Entre Papéis Falam. Sempre falam.... Daniel Serpa

Entre Papéis
Falam. Sempre falam. Muito. Às vezes demais. Às vezes na medida. E se não falassem? Silêncio. Processo sem voz. Juiz sem contraponto. Decisão sem disputa. Sem ardor. Sem sal.
Ajusta a gravata. Gesto automático. Herdado do pai. Também advogado. Tensão no ar. Olhar diz tudo. Mais uma disputa. Será que consigo?
Toga nos ombros. Gira caneta entre os dedos. Olhar fixo. Espera. Sabe que vem surpresa. Um artigo esquecido? Uma súmula recém parida? Um pedido impensável? Quem sabe?
Respira fundo. Fecha o código. Encosta na cadeira. Deixa vir. Advogado entra. Rompe silêncio. Voz firme. Clara. Sustenta. Argumenta. Justifica. Pede. Mira direto nos olhos. Juiz escuta. Impassível. Ou quase. Na mente giram engrenagens.
Advogado sabe. Mas finge que não. Juiz levanta a sobrancelha. Advogado percebe. Brilha o olhar. Ali tem coisa. Insiste. Juiz folheia o processo. Devagar. Mudez.
E então? E então nada. Ou tudo. Porque advogado bom instiga. Juiz bom reflete. Nenhum existe sem o outro.
Processo sem debate? Documento velho. Papel morto. Só números. Só burocracia.
Advogado dá cor. Movimento. Alma. Processo ganha vida. Juiz dá ordem. Equilíbrio. Justiça. Processo ganha solução.
Dois papéis. Um único propósito.
Advogado é voz. Juiz ouvido atento. E o Direito? É o que acontece entre eles.
Rivalidade? Criada. Alimentada. Vendida como verdade. Bobagem. Advogado não é inimigo. Juiz não é adversário. Processo não é guerra. Mas há os que gostam.
Espadas. Escudos. Petições. Embargos. Movimentos táticos. Ataques. Defesas. Golpes jurídicos.

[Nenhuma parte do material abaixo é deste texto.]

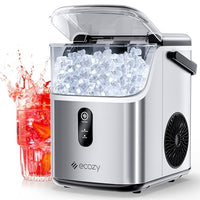 
              ecozy Nugget Ice Maker Countertop, Ice Maker with 33 lbs/24H, Crushed Pellet Ice Cubes, One-Click Operation Ice Machine with Self-Cleaning, for Party/Kitchen/Bar/Office, Stainless Steel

Teatro? Jogo? Guerra? Não. Direito.
Pausa. Cafezinho. Pelando. Ranger de xícaras nos pires. Tom muda. Sobre a cadeira. Toga dobrada. Advogado conta caso engraçado. Risadas. Baixas. Outro advogado. Entra. Outro juiz. Acena.
E antes que o café esfrie. Entre um gole e outro. Admiração. Recíproca. Escondida. Não dita. Mas sentida. Basta.
Amizade? Jardim se florescer. Se não, paz. Respeito? Sempre. Parceria? Inevitável. Reconciliação? Mais que possível. Necessária.
E o processo? Continua. Sempre continua. Porque o Direito não para.